Studio album by Johnny Hartman
- Released: March 1959
- Recorded: Dec 1958 or Jan 1959
- Venue: New York City
- Genre: Vocal jazz
- Length: 32:51
- Label: Roost
- Producer: Teddy Reig

Johnny Hartman chronology
| Johnny Hartman Sings...Just You, Just Me (1957) | And I Thought About You (1959) | John Coltrane and Johnny Hartman (1963) |

= And I Thought About You (Johnny Hartman album) =

And I Thought About You is a studio album by American jazz singer Johnny Hartman, released in 1959 by Roost Records. Teddy Reig, owner of Roost, served as producer, and Rudy Traylor did the arrangements. It was the only album Hartman managed to record between December 1956 and his session with John Coltrane in March 1963.

Professional ratings
Review scores
| Source | Rating |
| Allmusic | Star Half star |
| The Penguin Guide to Jazz | Star Half star |

==Reception==

Scott Yanow, reviewing the album at AllMusic, calls Hartman "one of the warmest ballad singers of this century" and says, "his deep baritone voice is well showcased on this 1958 date, which emphasizes slower tempos." Yanow highlights the tracks "To Each His Own," "Little Girl Blue" and "There's a Lull in My Life," stating that Hartman is in "fine form."

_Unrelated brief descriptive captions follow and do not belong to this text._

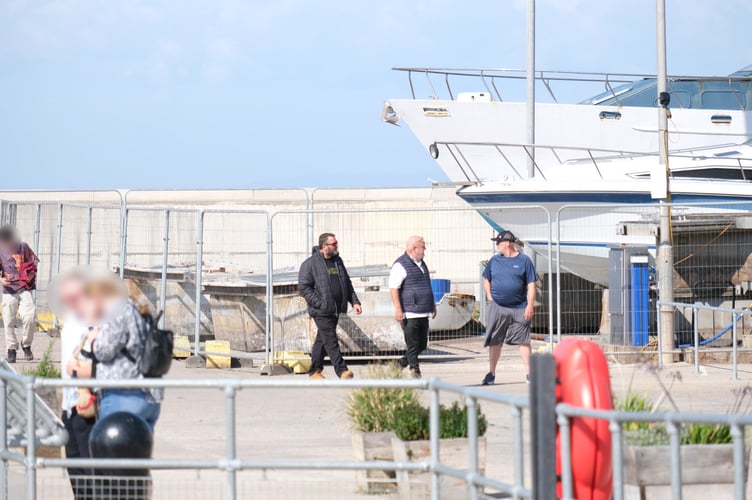 Some of the cocaine smugglers photographed by NCA officers beside Watchet Marina (left to right) Raymond Nuttall, Colin Benson, and Craig Nuttall.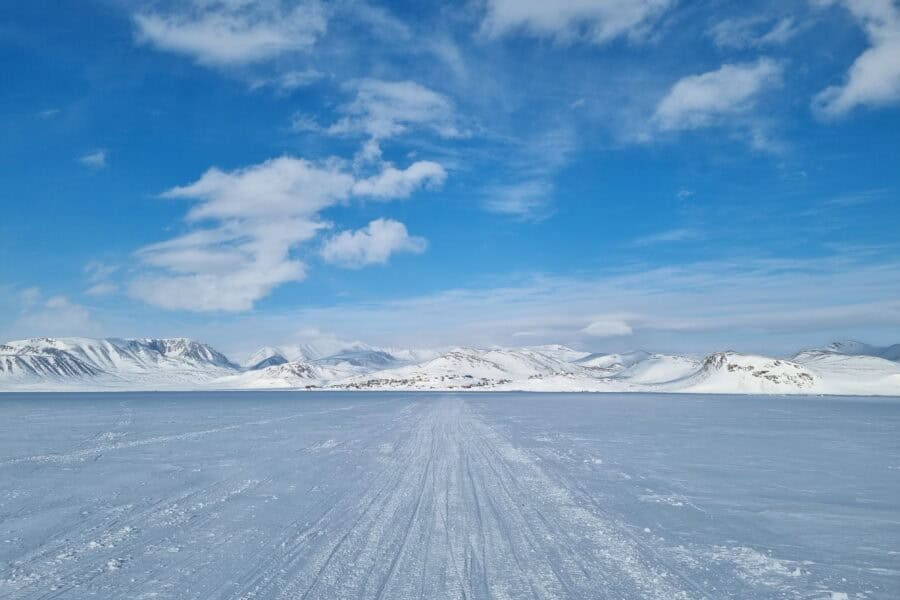 Ittoqqortoormiit from a distance during winter. Photo by Charlotte Pike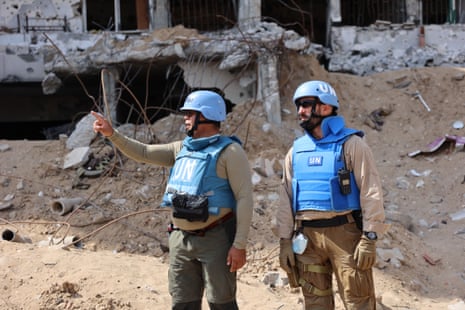 A United Nations team inspects the grounds of Al-Shifa hospital which was reduced to ruins by a two-week Israeli raid, on Monday.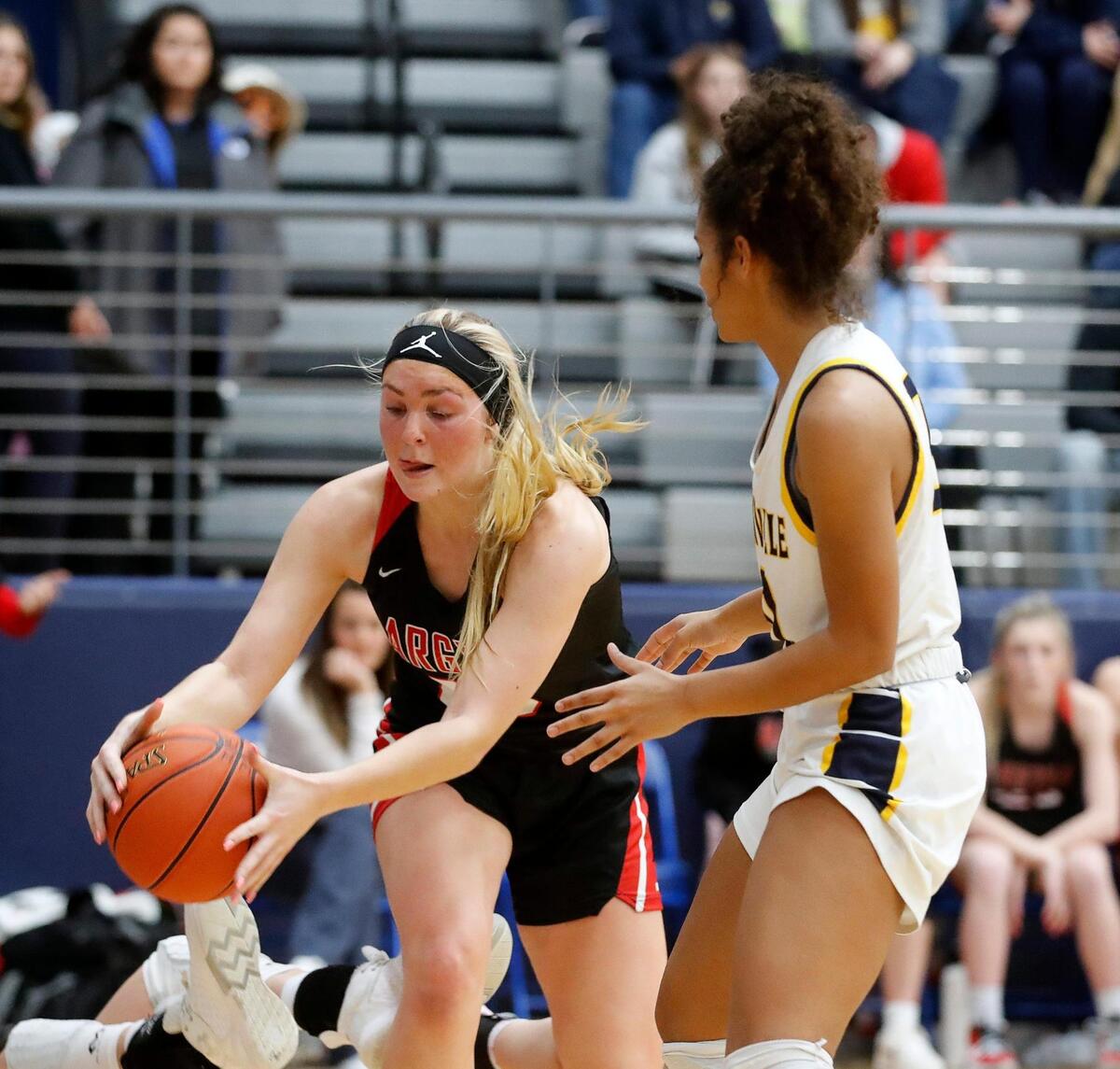 Argyle’s Caroline Lyles grabs a loose ball in front of Stephenville’s Mya Wilson during a high school 4A Region 1 Area Round playoff basketball game at Weatherford High School in Weatherford, Texas, Thursday, Feb. 11, 2022. Argyle defeated Stephenville 56-41. (Special to the Star-Telegram Bob Booth)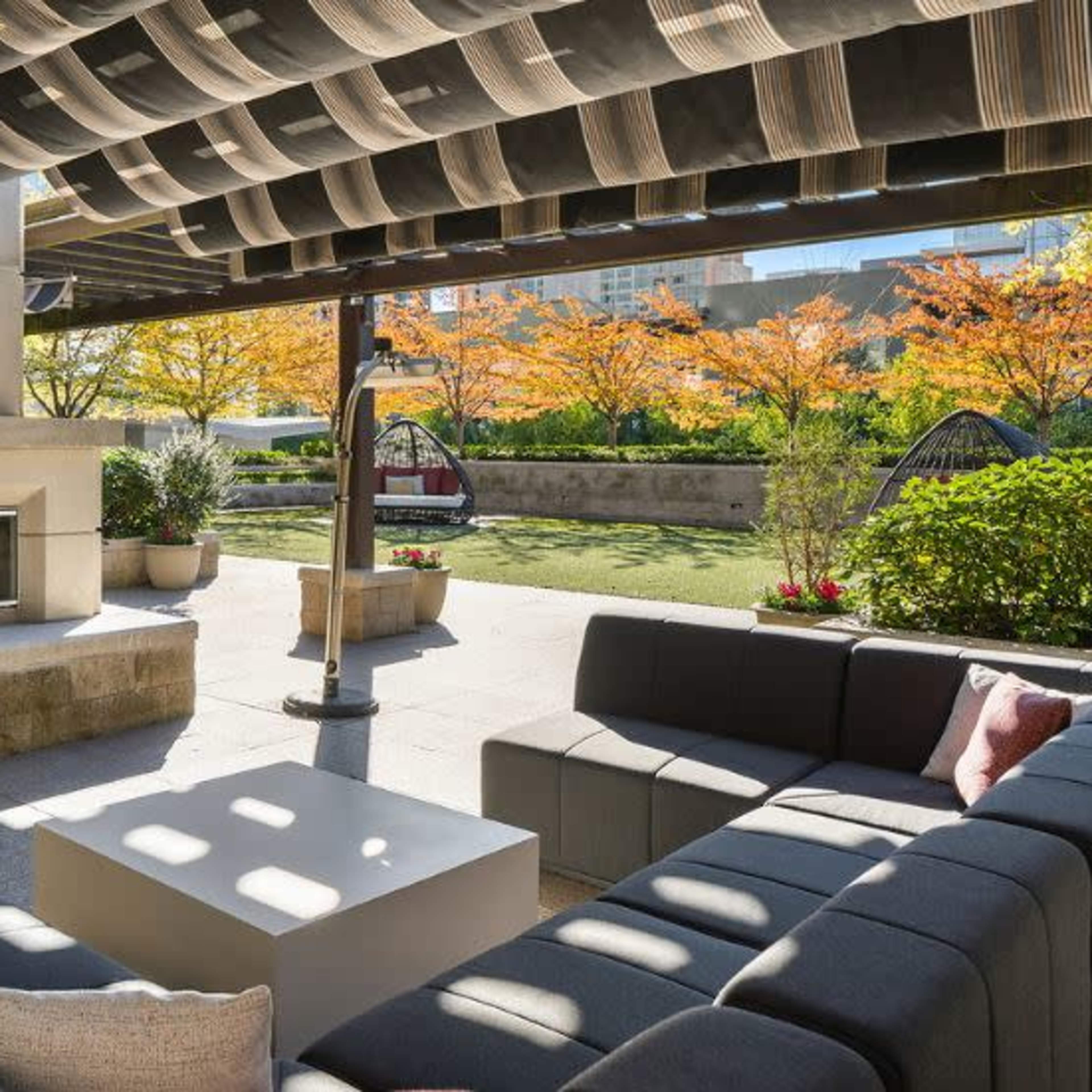 A modern outdoor lounge area with a fireplace, surrounded by greenery and benches, under a shaded pergola.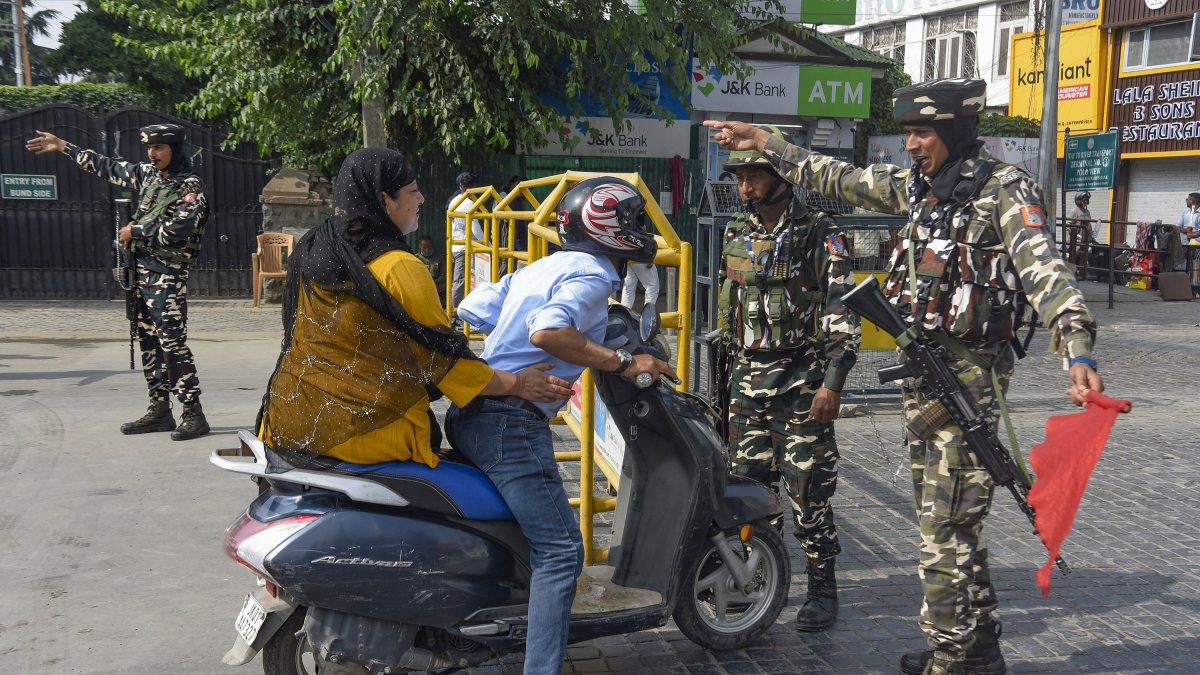 SSB personnel stop commuter at barricade on Martyrs' Day in Srinagar
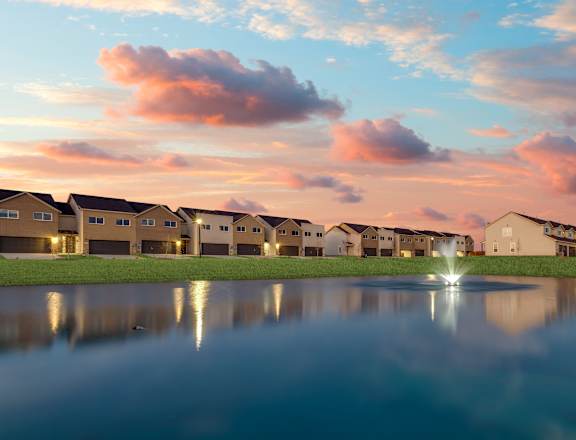 A row of houses are reflected in the water in front of them.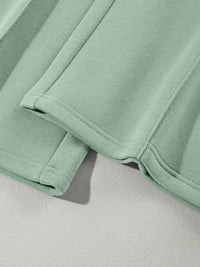 Women's Zip Up Jogger Set in Sage on model showing pockets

Hartman biographer Gregg Akkerman calls And I Thought About You "an exquisite album" and claims "it contained some of Hartman's best work." Though the album prominently features ballads, Akkerman states that "The take of 'After You've Gone' serves as a reminder that the jazz saxophone section is one of the greatest American contributions to world music and proof that Hartman was capable of swinging with the best." Akkerman also notes that "Little Girl Blue" was "a song Hartman thoroughly enjoyed, as it stayed on his working set list the rest of his life."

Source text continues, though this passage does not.